Everything in it’s place. Have your child designate areas for all necessary school items, such as book bag, lunch box, glasses, etc. Help your child get into the routine of putting these items in their designated spots so they are easy to find in the morning. Having a designated place for them to store these items will save you having to search high and low for that mysterious missing school hat, library bag or left shoe!
Plan for an early bedtime. With any good morning routine comes a good night routine (coming soon). Kids who are well rested will (most times) wake up much happier and are often easier to “manage”. Also earlier to bed for kids means hopefully you’ll have an earlier night too or at least some child free time to get organised. Also bath/shower before bed to avoid having to do it in the morning and also it often helps kids relax ready for sleep. It was recommended to me that I provide a protein-rich bedtime snack for my son (who has ADHD). Tryptophan, the protein that occurs in milk, turkey, and chicken, is a natural sleep inducer. But just about any protein-rich snack about 30 minutes before bedtime is an efficient get-to-sleep aid. Try oatmeal, whole-wheat cereal, an egg, some meat or fish, cheese, or pumpkin or sunflower seeds.
Get everything ready before bed. Get the kids bags and uniforms ready the night before. (another vital point for those kids with who have learning disabilities, attention deficit disorders, or executive functioning disorders whom often like to pick their own items to wear like shoes, etc plus it avoids the drams early in the morning). If possible find out the day before if there are any special days on at school like Library day, sport day etc so you can be prepared and avoid that morning stress. Don’t forget your own tasks! Mums and dads can benefit from organising clothes at night too. Yes, picking out clothes for the adults (and everyone else in the family) will help.

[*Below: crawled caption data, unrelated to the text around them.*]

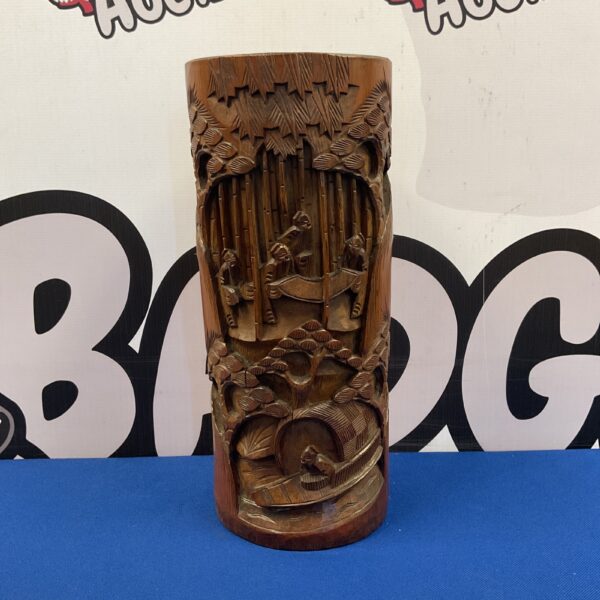 Intricately carved Chinese bamboo brush pot with landscape scene.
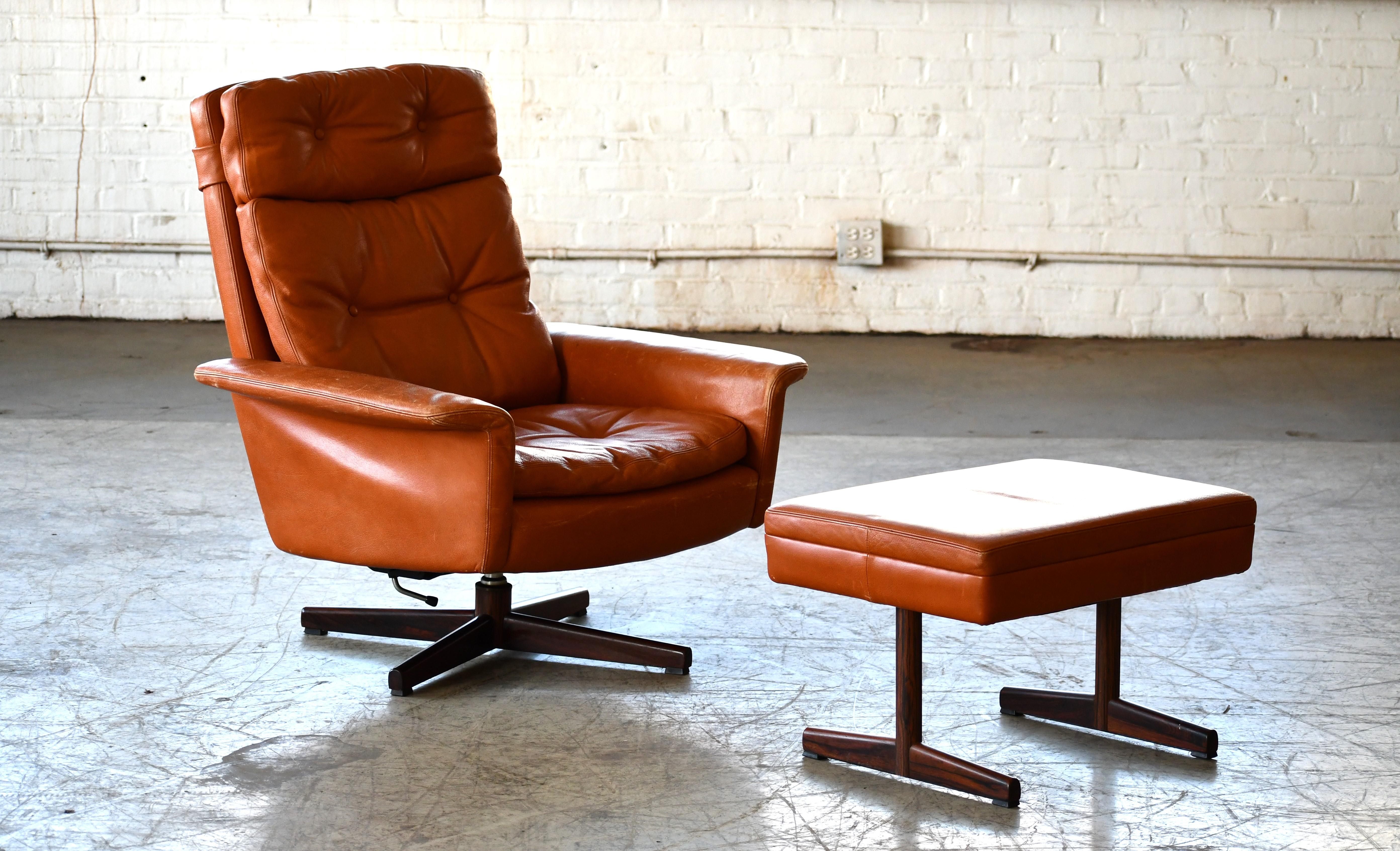 Mid-Century Modern Danish High Back Swivel Lounge Chair with Ottoman in Cognac Leather, 1970's For Sale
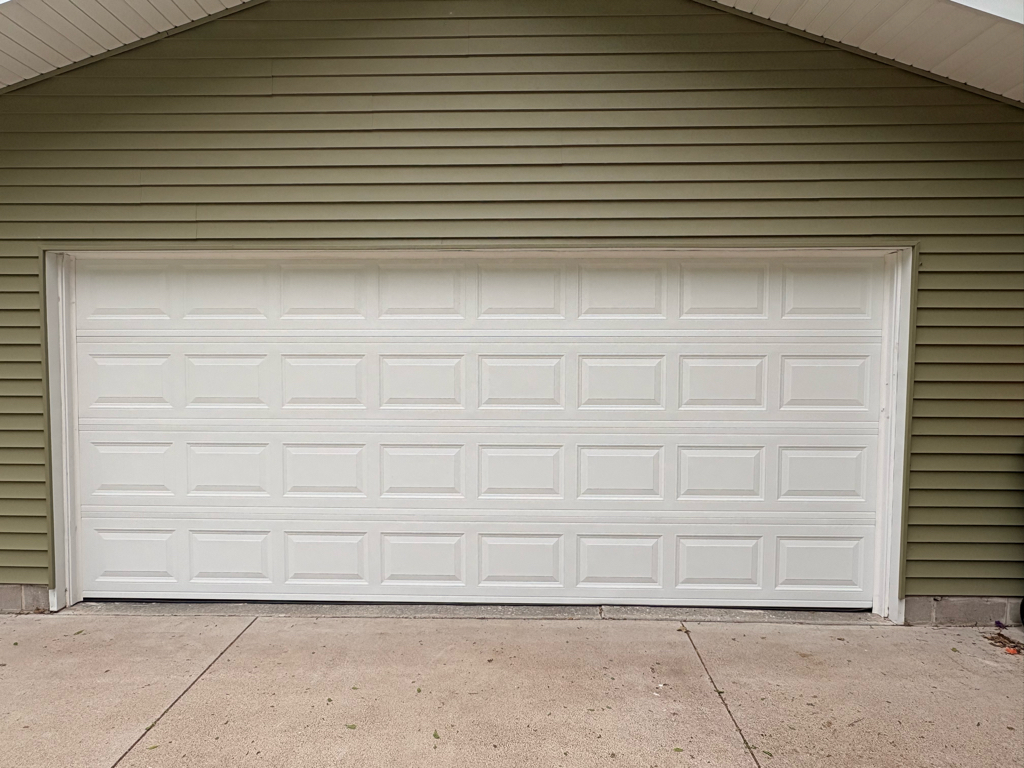  Residential garage door installation with sectional panels
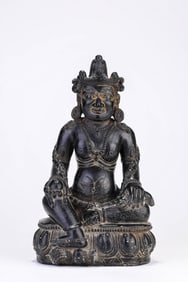 A TIBETAN BLACK SACRED STONE FIGURE OF YELLOW JAMBHALA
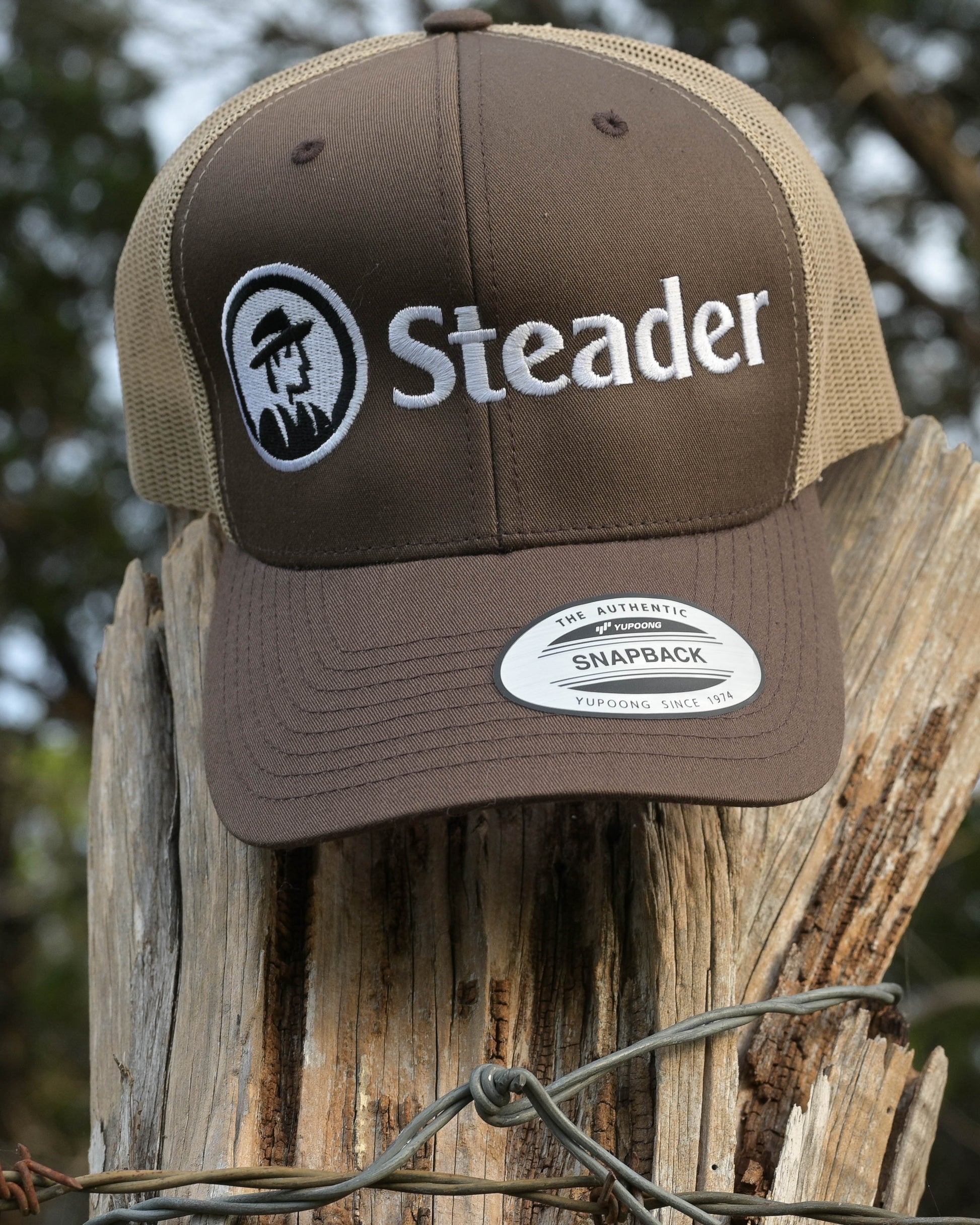 Brown cap with 'Steader' logo on a wooden post with blurred natural background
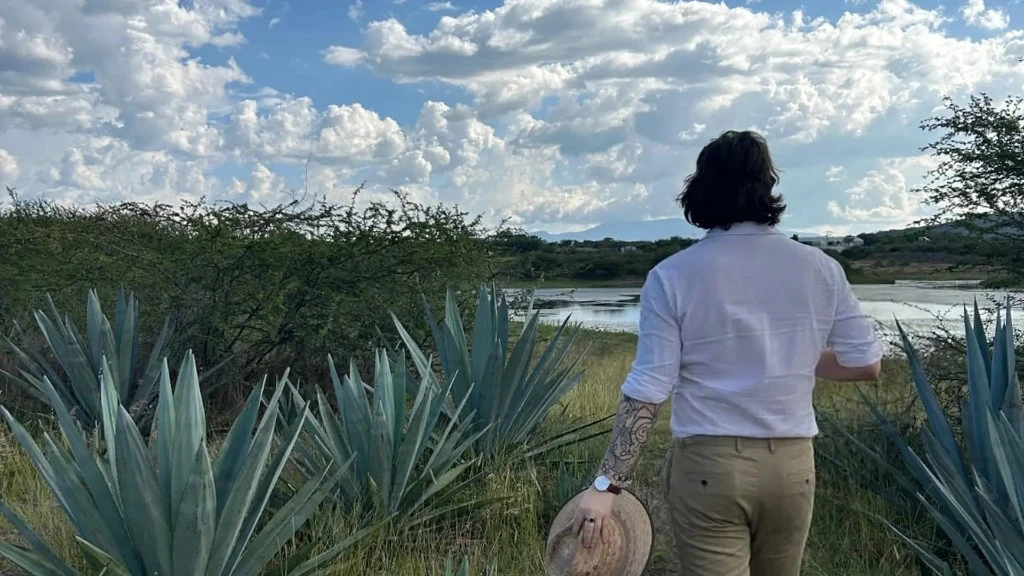 Liam Slater walking through agave fields in Mexico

Prepare Lunches. Many school lunch items – from sandwiches to chopped vegetables – can be prepared and refrigerated. Even hot items, such as soup, can be made at night, and heated in the morning. It only takes seconds to put already prepared lunch items in the box. Doing this the night before can save lots of time and also avoids the hassle of kids wanting to order lunch from the canteen because you’ve run out of time.
Organise Breakfast. Breakfast is an important meal of the day and for active kids its vital to feed their brains for the busy day ahead (this goes for you!!) Make sure your child’s breakfast is balanced and wholesome and can sustain him until lunchtime. A combination of complex carbohydrates, protein, and a small amount of fat helps prevent hunger symptoms for hours. Make a batch of pancakes and refrigerate them. Simply pop them in the microwave or toaster oven in the morning for a quickly made breakfast. What about eggs? Hard boil them at night and serve with toast for breakfast. Set each person’s place, and put non-perishables, such as cereal, on the table. Again, this is just one more task that you will not have to perform during those precious and few morning minutes. By making the main part of breakfast at night or at least organising it, you’ll cut significant time from your morning routine.
Only Do What’s Really Important. Some parents unwhittingly set their kids to fail with their morning routines by tackling on unexpected chores and duties, which causes whines and a mad rush to end up on time. Consider creating a checklist of what absolutely must be done each morning, then forget the rest. If you want your child to make his bed every morning, then make that a requirement. However, cleaning the cat box can surely wait until a child gets home.
•Focus on the positives. A rule of thumb here is six positives for every negative. Look for good behaviour and try to ensure that positive comments – praise and encouragement – outweigh instructions and reprimands.
•Use surprises to celebrate cooperation and being ready on time. A treat in the lunch box, or an extra story at bedtime might be all it takes.
•Try not to give your children extra attention for arguing, whining or stalling. Even negative attention is an incentive for them to keep arguing, whining and stalling.